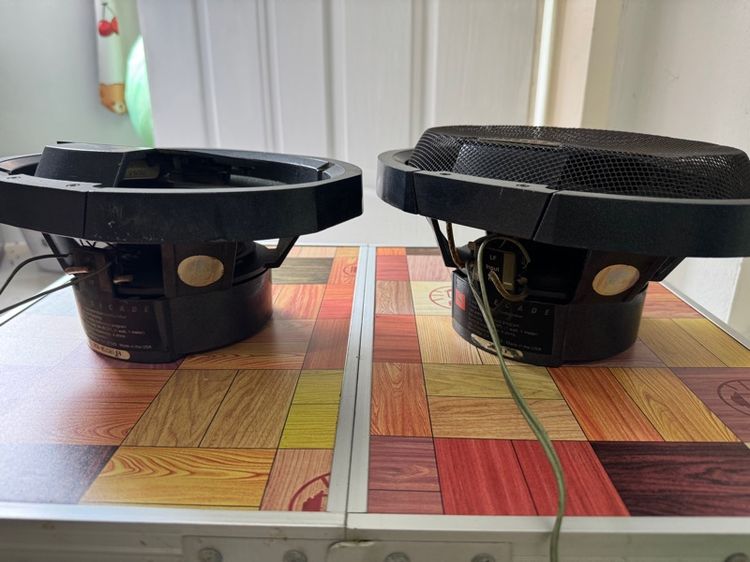 ลำโพง JBL 6X9 รูปที่ 7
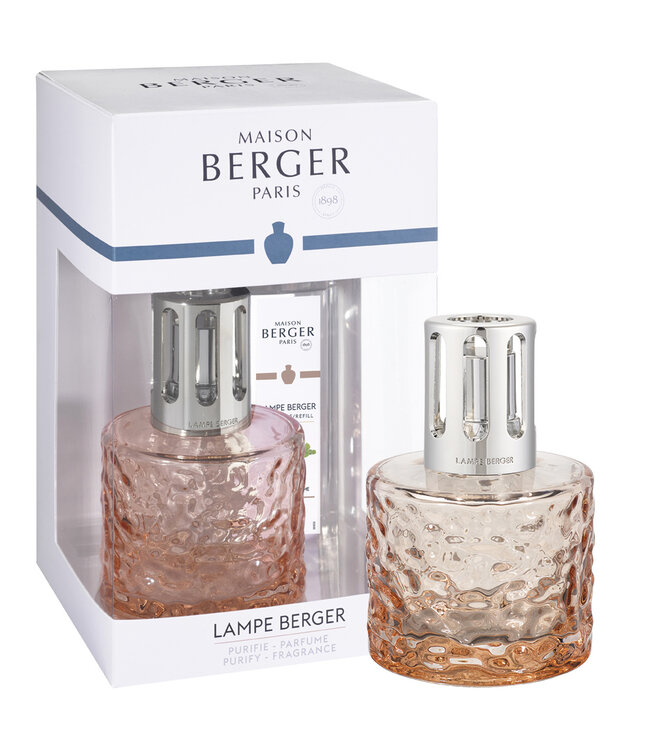 Lampe Berger Giftset - geurbrander - Mirage Nude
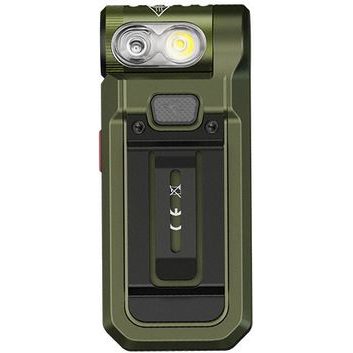 FENIX SW05R-RED 150 lm Green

══════════

Exercise directions → Each line of the data is to be duplicated exactly; pictures stay out of the copy.

The answer →
 ลำโพง JBL 6X9 รูปที่ 7
 Lampe Berger Giftset - geurbrander - Mirage Nude
 FENIX SW05R-RED 150 lm Green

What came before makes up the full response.